From the line that has "Propriété équestre à" down to the final line of the listing below, transcribe every line exactly, and only those.

DATASET RECORDS:
----

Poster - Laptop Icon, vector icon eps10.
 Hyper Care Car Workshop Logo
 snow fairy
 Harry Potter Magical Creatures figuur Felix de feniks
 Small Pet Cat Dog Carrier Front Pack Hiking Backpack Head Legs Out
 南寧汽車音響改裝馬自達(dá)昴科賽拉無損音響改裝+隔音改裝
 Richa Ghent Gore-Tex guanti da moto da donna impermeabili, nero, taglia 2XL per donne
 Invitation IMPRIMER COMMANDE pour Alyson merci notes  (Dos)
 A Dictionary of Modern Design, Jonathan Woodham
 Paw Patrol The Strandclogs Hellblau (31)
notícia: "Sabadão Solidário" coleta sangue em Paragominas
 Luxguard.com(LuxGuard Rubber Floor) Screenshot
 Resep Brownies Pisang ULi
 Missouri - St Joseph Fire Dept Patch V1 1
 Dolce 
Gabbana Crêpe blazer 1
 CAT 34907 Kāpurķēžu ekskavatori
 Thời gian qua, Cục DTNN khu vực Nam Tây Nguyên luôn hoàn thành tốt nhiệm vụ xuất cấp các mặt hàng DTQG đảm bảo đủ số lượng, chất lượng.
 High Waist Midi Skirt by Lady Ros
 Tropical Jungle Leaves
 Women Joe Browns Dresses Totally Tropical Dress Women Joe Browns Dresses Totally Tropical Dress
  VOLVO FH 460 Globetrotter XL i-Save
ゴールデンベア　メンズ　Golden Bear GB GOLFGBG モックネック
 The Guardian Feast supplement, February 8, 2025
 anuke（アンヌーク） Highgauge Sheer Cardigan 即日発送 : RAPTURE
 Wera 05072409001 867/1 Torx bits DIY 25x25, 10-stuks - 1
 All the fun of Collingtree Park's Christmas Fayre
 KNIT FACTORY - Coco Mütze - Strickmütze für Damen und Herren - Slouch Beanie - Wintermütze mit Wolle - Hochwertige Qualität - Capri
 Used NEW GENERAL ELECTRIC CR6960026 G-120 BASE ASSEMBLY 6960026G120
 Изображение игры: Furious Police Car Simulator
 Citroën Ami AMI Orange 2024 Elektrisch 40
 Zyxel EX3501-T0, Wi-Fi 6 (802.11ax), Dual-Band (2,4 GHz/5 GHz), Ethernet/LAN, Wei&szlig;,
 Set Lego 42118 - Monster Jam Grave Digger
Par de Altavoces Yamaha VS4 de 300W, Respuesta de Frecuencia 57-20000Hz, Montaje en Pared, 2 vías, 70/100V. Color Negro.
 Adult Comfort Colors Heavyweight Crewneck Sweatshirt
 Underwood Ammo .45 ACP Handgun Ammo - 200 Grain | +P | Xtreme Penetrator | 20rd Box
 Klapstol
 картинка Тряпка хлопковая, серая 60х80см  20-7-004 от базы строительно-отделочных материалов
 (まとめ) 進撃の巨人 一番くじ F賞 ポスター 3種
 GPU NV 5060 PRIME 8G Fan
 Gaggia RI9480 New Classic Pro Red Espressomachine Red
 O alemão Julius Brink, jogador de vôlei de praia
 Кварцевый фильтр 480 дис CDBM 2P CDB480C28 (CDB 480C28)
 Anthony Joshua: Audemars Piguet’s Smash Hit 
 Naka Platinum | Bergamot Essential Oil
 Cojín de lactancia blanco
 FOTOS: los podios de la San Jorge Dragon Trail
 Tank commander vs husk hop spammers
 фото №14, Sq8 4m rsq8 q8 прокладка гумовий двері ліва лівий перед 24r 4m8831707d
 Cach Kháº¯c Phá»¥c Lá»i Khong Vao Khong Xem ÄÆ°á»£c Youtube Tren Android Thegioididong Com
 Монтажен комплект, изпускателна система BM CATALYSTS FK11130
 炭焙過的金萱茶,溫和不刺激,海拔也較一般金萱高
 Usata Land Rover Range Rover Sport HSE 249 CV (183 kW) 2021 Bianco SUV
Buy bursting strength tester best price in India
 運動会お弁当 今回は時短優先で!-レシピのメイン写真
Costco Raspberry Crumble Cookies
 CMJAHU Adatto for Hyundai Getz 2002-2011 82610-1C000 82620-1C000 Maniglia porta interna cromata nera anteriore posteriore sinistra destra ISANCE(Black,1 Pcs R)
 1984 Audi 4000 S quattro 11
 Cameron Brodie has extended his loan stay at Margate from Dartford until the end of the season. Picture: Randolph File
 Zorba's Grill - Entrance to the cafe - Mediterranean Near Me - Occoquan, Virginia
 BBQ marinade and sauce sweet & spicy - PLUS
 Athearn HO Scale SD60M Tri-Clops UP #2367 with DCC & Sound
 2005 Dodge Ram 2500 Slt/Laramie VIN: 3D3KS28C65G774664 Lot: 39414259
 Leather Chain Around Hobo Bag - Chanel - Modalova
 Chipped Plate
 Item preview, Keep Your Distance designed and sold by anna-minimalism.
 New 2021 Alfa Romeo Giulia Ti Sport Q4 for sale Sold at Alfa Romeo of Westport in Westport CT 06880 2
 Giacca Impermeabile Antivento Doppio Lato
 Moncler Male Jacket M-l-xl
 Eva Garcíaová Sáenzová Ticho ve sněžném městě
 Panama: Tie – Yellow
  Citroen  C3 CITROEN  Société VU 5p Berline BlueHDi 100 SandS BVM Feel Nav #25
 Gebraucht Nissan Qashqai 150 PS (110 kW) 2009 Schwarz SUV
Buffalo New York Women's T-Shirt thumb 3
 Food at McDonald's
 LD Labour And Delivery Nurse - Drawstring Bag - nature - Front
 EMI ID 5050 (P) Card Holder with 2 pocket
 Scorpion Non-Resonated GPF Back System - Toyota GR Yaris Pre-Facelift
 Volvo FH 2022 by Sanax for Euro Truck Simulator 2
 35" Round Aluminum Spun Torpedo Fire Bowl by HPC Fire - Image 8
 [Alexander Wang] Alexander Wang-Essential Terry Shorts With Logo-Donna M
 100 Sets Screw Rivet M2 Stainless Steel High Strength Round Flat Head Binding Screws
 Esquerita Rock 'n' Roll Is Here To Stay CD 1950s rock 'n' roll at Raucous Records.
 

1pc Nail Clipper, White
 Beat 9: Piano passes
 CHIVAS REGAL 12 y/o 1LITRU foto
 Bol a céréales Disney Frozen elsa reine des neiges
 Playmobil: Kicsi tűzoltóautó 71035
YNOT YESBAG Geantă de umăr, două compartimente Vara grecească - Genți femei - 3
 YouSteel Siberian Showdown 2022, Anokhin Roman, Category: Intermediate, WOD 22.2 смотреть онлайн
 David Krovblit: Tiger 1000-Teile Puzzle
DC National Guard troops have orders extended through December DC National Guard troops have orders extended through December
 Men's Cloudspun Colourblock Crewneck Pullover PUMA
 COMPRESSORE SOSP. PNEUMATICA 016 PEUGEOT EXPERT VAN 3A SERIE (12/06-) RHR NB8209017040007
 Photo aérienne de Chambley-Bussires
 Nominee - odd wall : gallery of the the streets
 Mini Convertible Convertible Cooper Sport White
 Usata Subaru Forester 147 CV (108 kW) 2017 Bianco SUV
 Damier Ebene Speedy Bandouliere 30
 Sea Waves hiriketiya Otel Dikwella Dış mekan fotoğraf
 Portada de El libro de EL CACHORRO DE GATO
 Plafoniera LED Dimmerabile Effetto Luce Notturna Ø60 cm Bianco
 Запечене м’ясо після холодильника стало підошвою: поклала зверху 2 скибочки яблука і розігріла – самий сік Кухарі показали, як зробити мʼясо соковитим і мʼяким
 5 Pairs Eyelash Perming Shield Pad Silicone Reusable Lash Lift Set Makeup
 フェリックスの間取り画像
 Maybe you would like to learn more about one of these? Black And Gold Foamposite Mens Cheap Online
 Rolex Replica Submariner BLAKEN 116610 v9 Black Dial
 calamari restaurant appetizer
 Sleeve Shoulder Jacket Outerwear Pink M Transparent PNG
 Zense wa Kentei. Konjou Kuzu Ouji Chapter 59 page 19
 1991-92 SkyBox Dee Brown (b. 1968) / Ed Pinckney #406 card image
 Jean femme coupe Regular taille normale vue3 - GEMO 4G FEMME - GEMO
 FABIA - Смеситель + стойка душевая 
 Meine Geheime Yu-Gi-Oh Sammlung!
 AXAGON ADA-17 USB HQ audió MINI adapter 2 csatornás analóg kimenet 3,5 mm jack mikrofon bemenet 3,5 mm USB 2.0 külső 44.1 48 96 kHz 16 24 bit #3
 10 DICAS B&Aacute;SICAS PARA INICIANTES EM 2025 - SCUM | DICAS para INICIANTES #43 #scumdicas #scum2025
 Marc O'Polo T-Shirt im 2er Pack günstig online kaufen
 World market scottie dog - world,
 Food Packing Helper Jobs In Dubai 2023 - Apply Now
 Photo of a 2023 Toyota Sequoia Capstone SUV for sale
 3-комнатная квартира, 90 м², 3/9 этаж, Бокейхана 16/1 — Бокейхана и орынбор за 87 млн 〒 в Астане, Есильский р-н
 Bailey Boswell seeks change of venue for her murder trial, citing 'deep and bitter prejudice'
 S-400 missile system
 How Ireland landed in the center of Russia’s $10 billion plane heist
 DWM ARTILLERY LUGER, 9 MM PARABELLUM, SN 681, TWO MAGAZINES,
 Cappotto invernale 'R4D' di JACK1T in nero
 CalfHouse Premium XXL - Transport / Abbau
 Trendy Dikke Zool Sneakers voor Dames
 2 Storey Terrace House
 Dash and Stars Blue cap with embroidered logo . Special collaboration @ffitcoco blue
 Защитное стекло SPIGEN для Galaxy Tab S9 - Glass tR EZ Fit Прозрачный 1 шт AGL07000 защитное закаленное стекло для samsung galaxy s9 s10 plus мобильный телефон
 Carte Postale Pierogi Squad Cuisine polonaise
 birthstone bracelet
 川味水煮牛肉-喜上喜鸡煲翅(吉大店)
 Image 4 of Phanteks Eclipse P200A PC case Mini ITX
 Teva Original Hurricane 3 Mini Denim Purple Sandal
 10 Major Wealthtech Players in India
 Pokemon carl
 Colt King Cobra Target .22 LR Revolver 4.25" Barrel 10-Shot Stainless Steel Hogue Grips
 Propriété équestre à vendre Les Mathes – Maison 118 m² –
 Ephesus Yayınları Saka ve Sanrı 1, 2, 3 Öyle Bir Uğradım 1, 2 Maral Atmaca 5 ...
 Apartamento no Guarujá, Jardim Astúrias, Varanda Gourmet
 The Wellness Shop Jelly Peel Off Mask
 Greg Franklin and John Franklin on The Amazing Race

----

FINISHED TASK:
 Propriété équestre à vendre Les Mathes – Maison 118 m² –
 Ephesus Yayınları Saka ve Sanrı 1, 2, 3 Öyle Bir Uğradım 1, 2 Maral Atmaca 5 ...
 Apartamento no Guarujá, Jardim Astúrias, Varanda Gourmet
 The Wellness Shop Jelly Peel Off Mask
 Greg Franklin and John Franklin on The Amazing Race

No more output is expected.